愚かな婚約者様、あなたの"浮気相手"は私の味方ですよ? 〜手を組んだ2人の才女による華麗なる制裁〜

39、エルベルトの実家

 しばらく移動すると建物が見えてきて、二人の実家は竜も入れるような大きな作りだ。遠くからでもその存在を確かめることができた。

「お父さんとお母さんいるかな」
「この時間ならいるだろう。それよりも夕食を三人分増やしてもらわなければ」
「確かに!」

 二人の呑気な会話を聞きつつ、カトリーヌは緊張している。

 エルベルトの両親に会うからというのも理由の一つだが、何よりも勝手に竜族の魔力を使って魔道具の改良をしてしまったことが気がかりなのだ。
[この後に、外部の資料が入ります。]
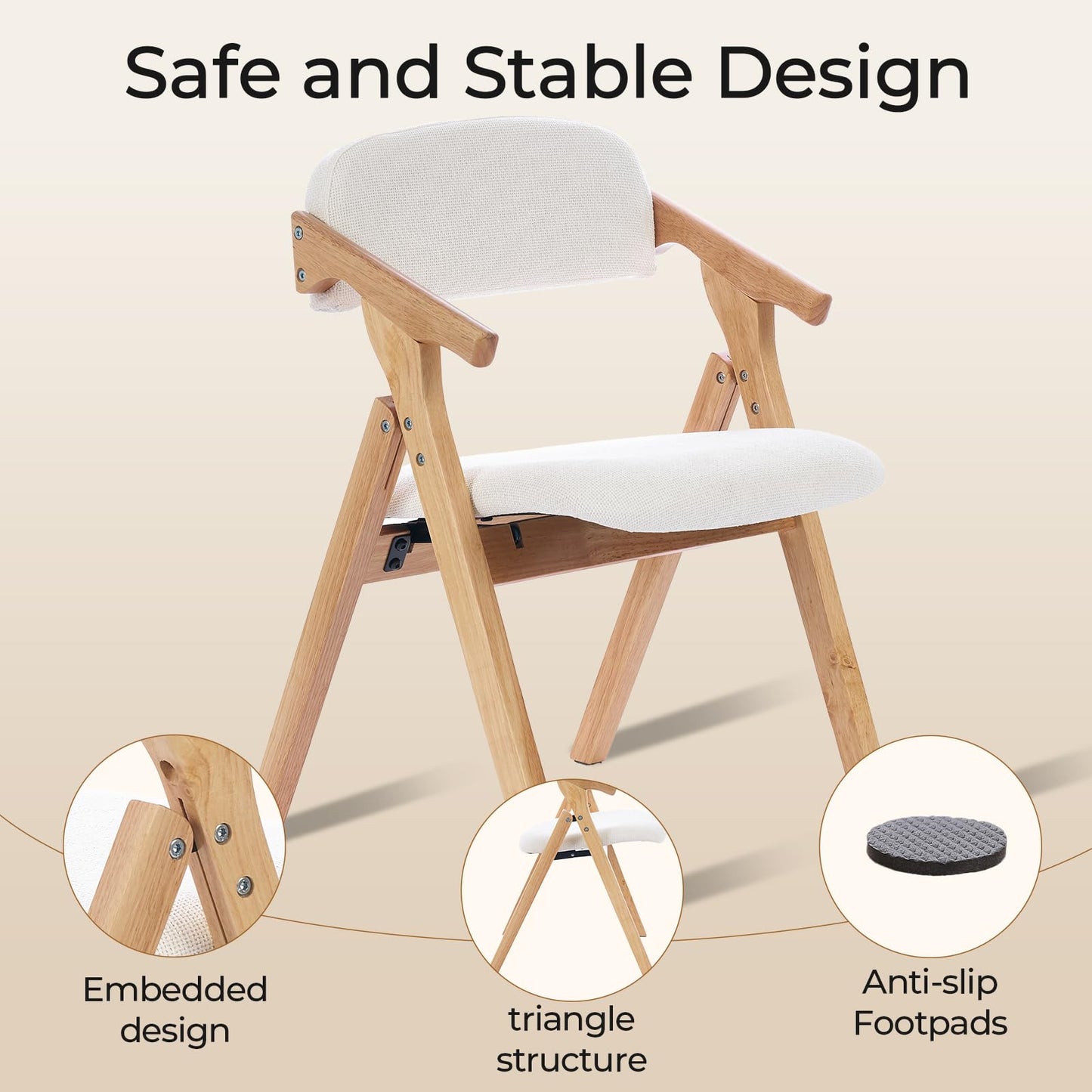 SinFurn Grod Folding Chairs with Padded Seats,Wooden Stackable Dining Chair,Easy to Store Foldable Dining Chairs for Kitchen, Living Room, Wedding Party Picnic (White)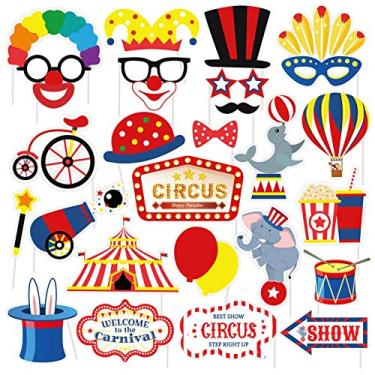 Imagem de SWYOUN 27 peças Acessórios para cabine de fotos de circo de carnaval para decoração de festa de aniversário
 そんな緊張感が伝わったのか、エルベルトが空を飛びながらカトリーヌの顔を覗き込む。

「カトリーヌ、大丈夫か? 何の心配もいらないぞ」
「はい、ありがとう、ございます」
「何もないだろうが、何かあれば絶対に助ける」

 エルベルトのその言葉には説得力があり、カトリーヌは強張っていた体から少し力が抜けるのを感じた。

「とても心強いです」

 カトリーヌの変化を敏感に感じ取ったのだろうエルベルトは、柔らかい笑みを浮かべる。それを間近で見てしまい、カトリーヌは自分の頬が赤くなるのを感じた。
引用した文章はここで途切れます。